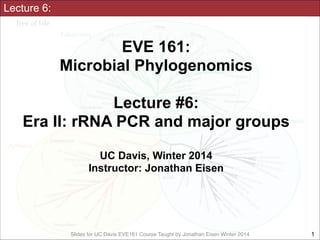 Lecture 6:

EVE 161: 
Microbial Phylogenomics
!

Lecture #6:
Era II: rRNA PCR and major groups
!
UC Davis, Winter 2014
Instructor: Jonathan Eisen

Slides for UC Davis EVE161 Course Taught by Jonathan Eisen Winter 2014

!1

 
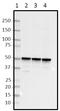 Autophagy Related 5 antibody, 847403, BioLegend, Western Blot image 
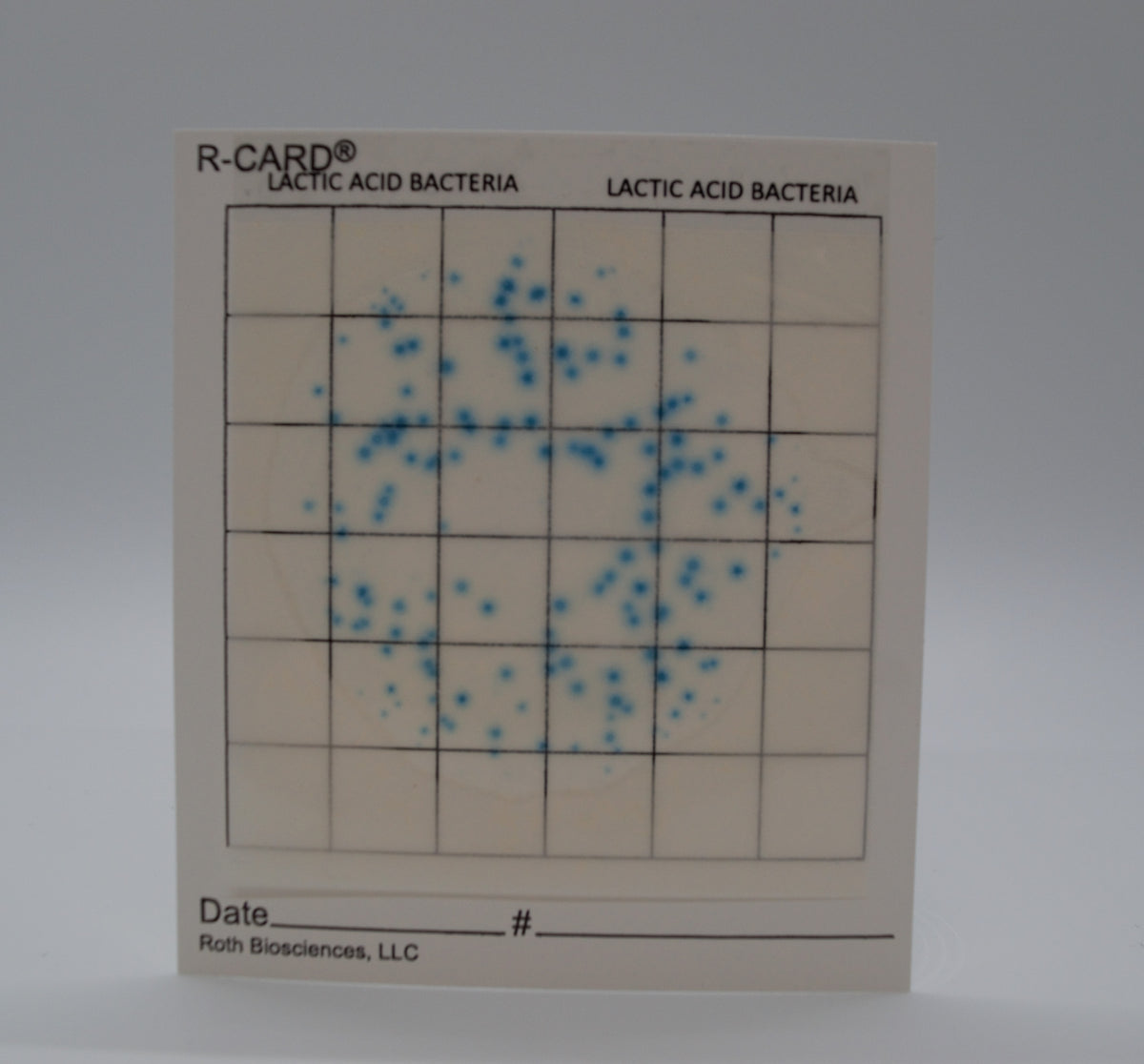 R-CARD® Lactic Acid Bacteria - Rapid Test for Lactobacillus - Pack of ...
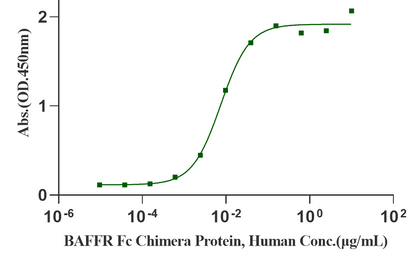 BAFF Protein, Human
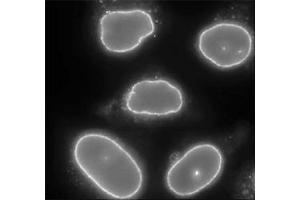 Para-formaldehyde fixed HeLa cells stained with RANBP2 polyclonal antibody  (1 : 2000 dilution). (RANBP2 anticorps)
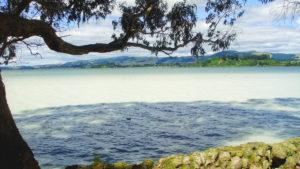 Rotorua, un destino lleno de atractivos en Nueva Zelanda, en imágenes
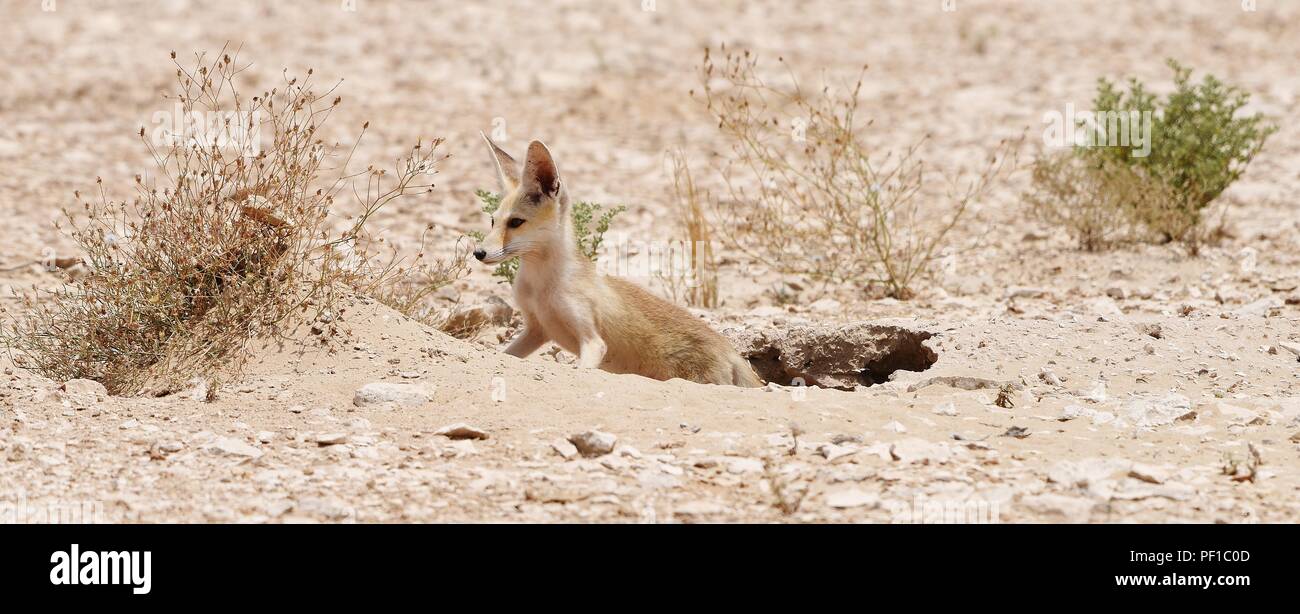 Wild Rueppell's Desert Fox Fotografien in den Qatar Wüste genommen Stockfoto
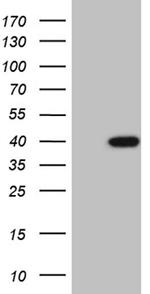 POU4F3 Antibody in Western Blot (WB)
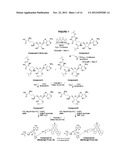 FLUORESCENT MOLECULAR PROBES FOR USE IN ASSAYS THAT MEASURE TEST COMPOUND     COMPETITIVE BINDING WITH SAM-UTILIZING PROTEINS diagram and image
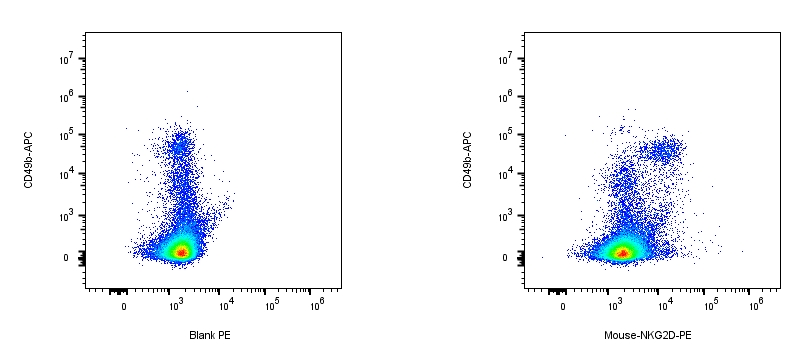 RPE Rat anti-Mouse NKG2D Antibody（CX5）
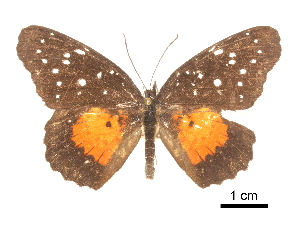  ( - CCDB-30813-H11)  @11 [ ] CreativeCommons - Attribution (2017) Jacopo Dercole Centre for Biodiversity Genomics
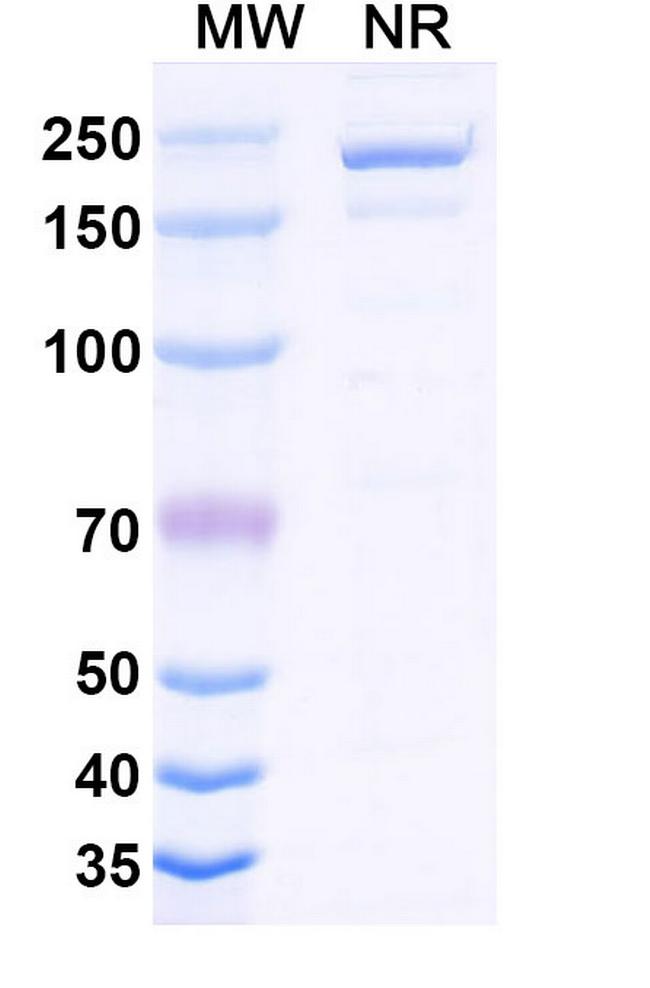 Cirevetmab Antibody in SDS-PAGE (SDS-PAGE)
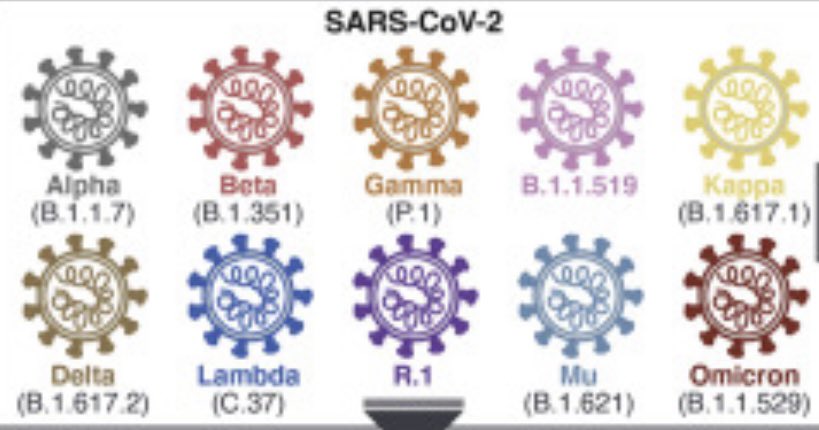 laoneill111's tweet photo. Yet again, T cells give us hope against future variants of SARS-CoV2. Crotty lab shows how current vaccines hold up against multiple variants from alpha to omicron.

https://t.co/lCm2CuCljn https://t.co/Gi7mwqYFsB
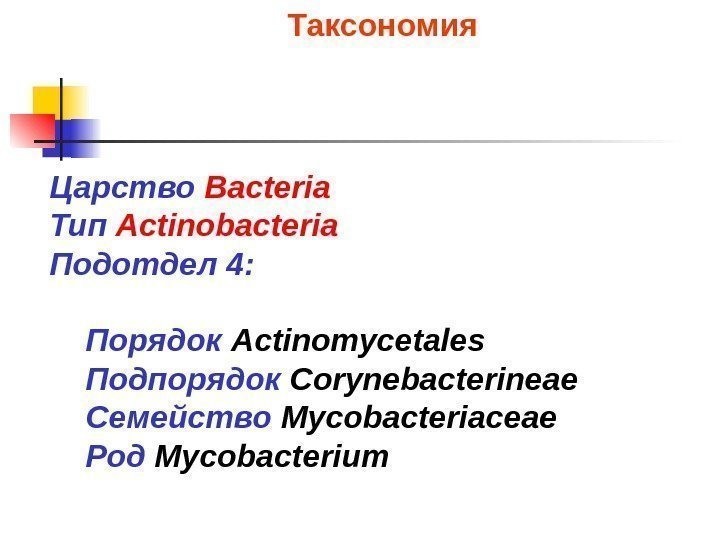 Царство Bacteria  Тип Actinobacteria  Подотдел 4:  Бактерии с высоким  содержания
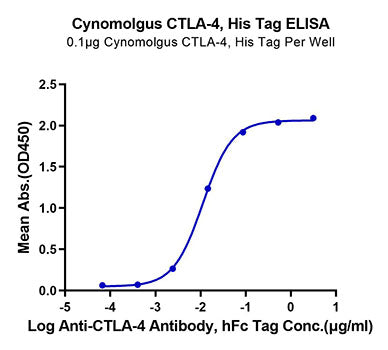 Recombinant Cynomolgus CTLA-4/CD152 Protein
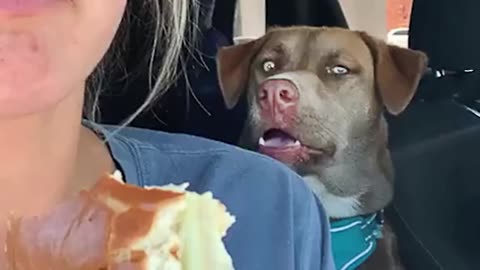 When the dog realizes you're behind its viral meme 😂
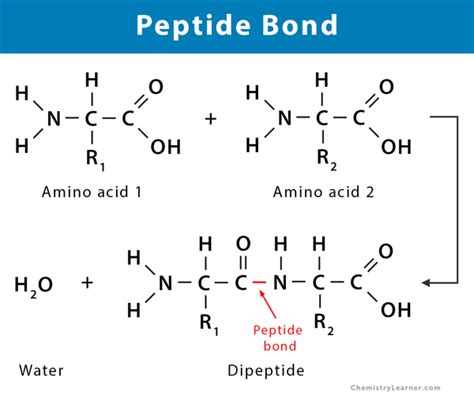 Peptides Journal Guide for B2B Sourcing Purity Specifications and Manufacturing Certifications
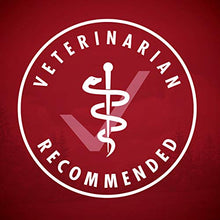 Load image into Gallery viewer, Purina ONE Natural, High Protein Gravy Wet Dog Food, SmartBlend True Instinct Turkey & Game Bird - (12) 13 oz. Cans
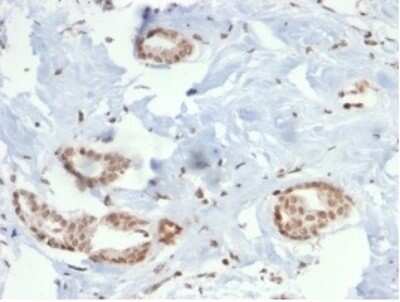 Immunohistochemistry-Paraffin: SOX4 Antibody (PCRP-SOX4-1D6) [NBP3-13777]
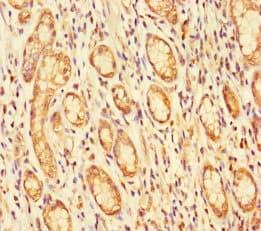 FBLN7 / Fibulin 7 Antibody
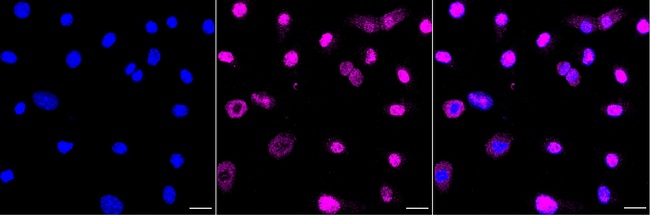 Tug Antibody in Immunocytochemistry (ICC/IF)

Problem to solve: Return each entry above unchanged. Leave the pictures out.

Output for this exercise:
 Lecture 6:

EVE 161: 
Microbial Phylogenomics
!

Lecture #6:
Era II: rRNA PCR and major groups
!
UC Davis, Winter 2014
Instructor: Jonathan Eisen

Slides for UC Davis EVE161 Course Taught by Jonathan Eisen Winter 2014

!1

 
 Autophagy Related 5 antibody, 847403, BioLegend, Western Blot image 
 R-CARD® Lactic Acid Bacteria - Rapid Test for Lactobacillus - Pack of ...
 BAFF Protein, Human
 Para-formaldehyde fixed HeLa cells stained with RANBP2 polyclonal antibody  (1 : 2000 dilution). (RANBP2 anticorps)
 Rotorua, un destino lleno de atractivos en Nueva Zelanda, en imágenes
 Wild Rueppell's Desert Fox Fotografien in den Qatar Wüste genommen Stockfoto
 POU4F3 Antibody in Western Blot (WB)
 FLUORESCENT MOLECULAR PROBES FOR USE IN ASSAYS THAT MEASURE TEST COMPOUND     COMPETITIVE BINDING WITH SAM-UTILIZING PROTEINS diagram and image
 RPE Rat anti-Mouse NKG2D Antibody（CX5）
  ( - CCDB-30813-H11)  @11 [ ] CreativeCommons - Attribution (2017) Jacopo Dercole Centre for Biodiversity Genomics
 Cirevetmab Antibody in SDS-PAGE (SDS-PAGE)
 laoneill111's tweet photo. Yet again, T cells give us hope against future variants of SARS-CoV2. Crotty lab shows how current vaccines hold up against multiple variants from alpha to omicron.

https://t.co/lCm2CuCljn https://t.co/Gi7mwqYFsB
 Царство Bacteria  Тип Actinobacteria  Подотдел 4:  Бактерии с высоким  содержания
 Recombinant Cynomolgus CTLA-4/CD152 Protein
 When the dog realizes you're behind its viral meme 😂
 Peptides Journal Guide for B2B Sourcing Purity Specifications and Manufacturing Certifications
 Load image into Gallery viewer, Purina ONE Natural, High Protein Gravy Wet Dog Food, SmartBlend True Instinct Turkey & Game Bird - (12) 13 oz. Cans
 Immunohistochemistry-Paraffin: SOX4 Antibody (PCRP-SOX4-1D6) [NBP3-13777]
 FBLN7 / Fibulin 7 Antibody
 Tug Antibody in Immunocytochemistry (ICC/IF)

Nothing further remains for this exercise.